Шестого июля днем к «Пале-Роялю», под’ехал автомобиль, из машины выскочил гражданин с портфелем и вырос перед задремавшим на солнышке швейцаром.

— Кто здесь ответственное лицо? — спросил гражданин таким тоном, что швейцар немедленно снял фуражку с золотым кантом. — Доложите!

Перепрыгивая через три ступеньки, дрессированный швейцар помчался по лестнице, позвал графа, и граф, для которого всякий посетитель с портфелем предвещал беду, спустился вниз. Гражданин показал удостоверение, в котором именовался уполномоченным Госхлебторга, Сидякиным, и заявил, что ему нужен номер со всеми удобствами. Пропустив вперед Сидякина, граф повел его в сорок восьмой номер, уполномоченный осмотрел комнаты, ткнул кулаком в диван, выдвинул ящики стола, попробовал — льется ли вода из умывальника, и об’явил, что снимает номер.

— Предупреждаю вас относительно паразитов! — строго сказал Сидякин, подняв указательный палец. — Всякое появление их в моем присутствии недопустимо!

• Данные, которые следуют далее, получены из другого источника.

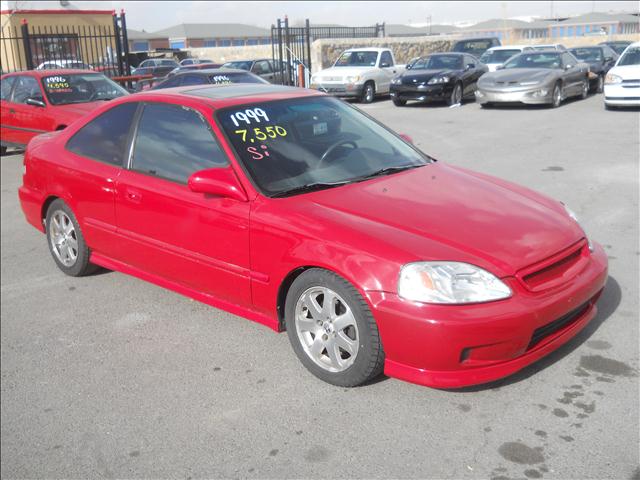 1999 Honda Civic for sale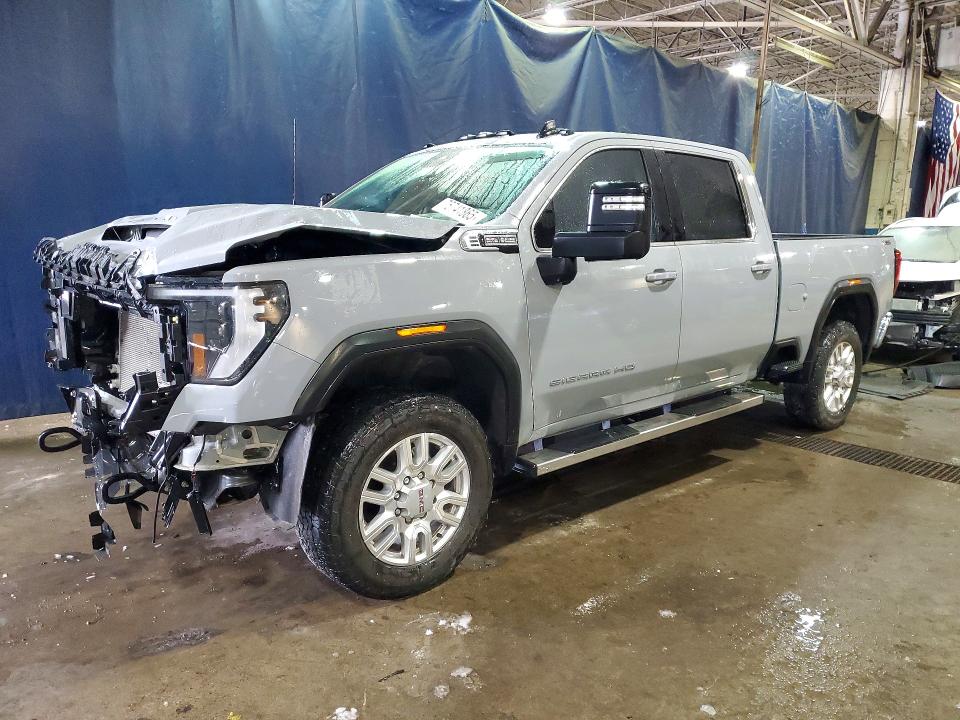 2024 GMC SIERRA — VIN 1GT49ME76RF277556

— Честью ручаюсь! — воскликнул граф, отступая за дверь. — В гостиницу вход паразитам строго воспрещен.

Гостиница имела старинную славу устроительницы женских судеб, женщины приезжали в «Пале-Рояль», как в старое время на бархатный сезон, с обширным запасом платьев, шляпок, обуви и переодевались не менее трех раз в день. Приезд уполномоченного Госхлебторга взволновал пале-роялисток, многие мечтали стать ответственными дамами, мучали графа расспросами о новом постояльце, и граф, не без выгоды для дел гостиницы, назвал Сидякина богатым холостяком и ловеласом. Женщины забирались на балконы четвертого этажа, искусно показывая себя и свои наряды, лорнировали Сидякина и единодушно зачисляли его во вторую категорию интересных мужчин.

Заложив руки за спину, Сидякин скользил взглядом по женщинам, его молочное, круглое лицо с аккуратными бакенбардами томилось от равнодушия, правая каштановая бровь поднималась, и на лбу набухала гармошка морщин. Иногда на балконе он опускался в плетеное кресло, сажал на нос очки в квадратной роговой оправе и читал газету «Советский Крым». Пале-роялистки видели американский профиль его лица и руки — маленькие, как у девочки. Он не выходил из своего номера ни на пляж, ни в ресторан, ему подавали в номер кофе, газеты, обеды, он уклонялся от знакомства не только с женщинами, но и с мужчинами, разрешая входить к себе лишь номерантке Мадлене и парикмахеру Полю-Андре. Бакенбарды, квадратные очки, неприступность разожгли, любопытство, и десятки надушенных секреток приглашали Сидякина в курзал, к памятнику Фрунзе, в сквер коммунаров, даже а этнографоархеологический музей. По наущению тех же корреспонденток владельцы прокатных лодок предлагали ему на самых выгодных условиях покататься по морю, а граф, скрепя сердце, просил поездить верхом на его пегой кобыле.

— Прошу оставить меня в покое! — сказал Сидякин графу. — Вы предаете широкой огласке мое пребывание в вашей гостинице! Это является буржуазным видом рекламы! — и он повернулся к нему спиной.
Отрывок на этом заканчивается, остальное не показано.